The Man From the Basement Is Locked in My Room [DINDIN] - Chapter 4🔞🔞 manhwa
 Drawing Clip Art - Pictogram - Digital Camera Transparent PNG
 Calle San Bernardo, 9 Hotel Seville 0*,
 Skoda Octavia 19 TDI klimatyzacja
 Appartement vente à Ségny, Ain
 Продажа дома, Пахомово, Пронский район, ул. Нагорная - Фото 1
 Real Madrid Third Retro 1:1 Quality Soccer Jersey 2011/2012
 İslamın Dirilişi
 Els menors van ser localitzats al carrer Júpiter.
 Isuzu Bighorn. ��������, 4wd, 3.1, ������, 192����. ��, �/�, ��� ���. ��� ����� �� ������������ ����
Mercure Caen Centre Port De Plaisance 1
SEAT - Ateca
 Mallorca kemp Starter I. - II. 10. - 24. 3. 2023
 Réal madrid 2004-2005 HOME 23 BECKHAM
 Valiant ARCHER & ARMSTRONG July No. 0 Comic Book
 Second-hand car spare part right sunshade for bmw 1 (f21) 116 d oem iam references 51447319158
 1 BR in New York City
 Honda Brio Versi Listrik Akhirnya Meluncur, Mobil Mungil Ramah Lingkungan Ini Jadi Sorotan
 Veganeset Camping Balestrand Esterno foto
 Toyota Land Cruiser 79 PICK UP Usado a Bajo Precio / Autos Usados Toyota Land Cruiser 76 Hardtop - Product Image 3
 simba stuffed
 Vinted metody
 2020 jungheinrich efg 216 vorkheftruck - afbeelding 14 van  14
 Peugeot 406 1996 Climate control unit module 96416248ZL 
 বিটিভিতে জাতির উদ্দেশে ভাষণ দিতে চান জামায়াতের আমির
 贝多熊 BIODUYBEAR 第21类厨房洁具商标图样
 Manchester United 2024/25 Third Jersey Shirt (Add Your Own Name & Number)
※
▶ **Instructions for the task**
Nothing but the lines from the line that contains "Mercure Caen Centre Port De Plaisance 1" to the last line of the records above should appear in the answer; please copy them exactly.

▶ **Answer box**
Mercure Caen Centre Port De Plaisance 1
SEAT - Ateca
 Mallorca kemp Starter I. - II. 10. - 24. 3. 2023
 Réal madrid 2004-2005 HOME 23 BECKHAM
 Valiant ARCHER & ARMSTRONG July No. 0 Comic Book
 Second-hand car spare part right sunshade for bmw 1 (f21) 116 d oem iam references 51447319158
 1 BR in New York City
 Honda Brio Versi Listrik Akhirnya Meluncur, Mobil Mungil Ramah Lingkungan Ini Jadi Sorotan
 Veganeset Camping Balestrand Esterno foto
 Toyota Land Cruiser 79 PICK UP Usado a Bajo Precio / Autos Usados Toyota Land Cruiser 76 Hardtop - Product Image 3
 simba stuffed
 Vinted metody
 2020 jungheinrich efg 216 vorkheftruck - afbeelding 14 van  14
 Peugeot 406 1996 Climate control unit module 96416248ZL 
 বিটিভিতে জাতির উদ্দেশে ভাষণ দিতে চান জামায়াতের আমির
 贝多熊 BIODUYBEAR 第21类厨房洁具商标图样
 Manchester United 2024/25 Third Jersey Shirt (Add Your Own Name & Number)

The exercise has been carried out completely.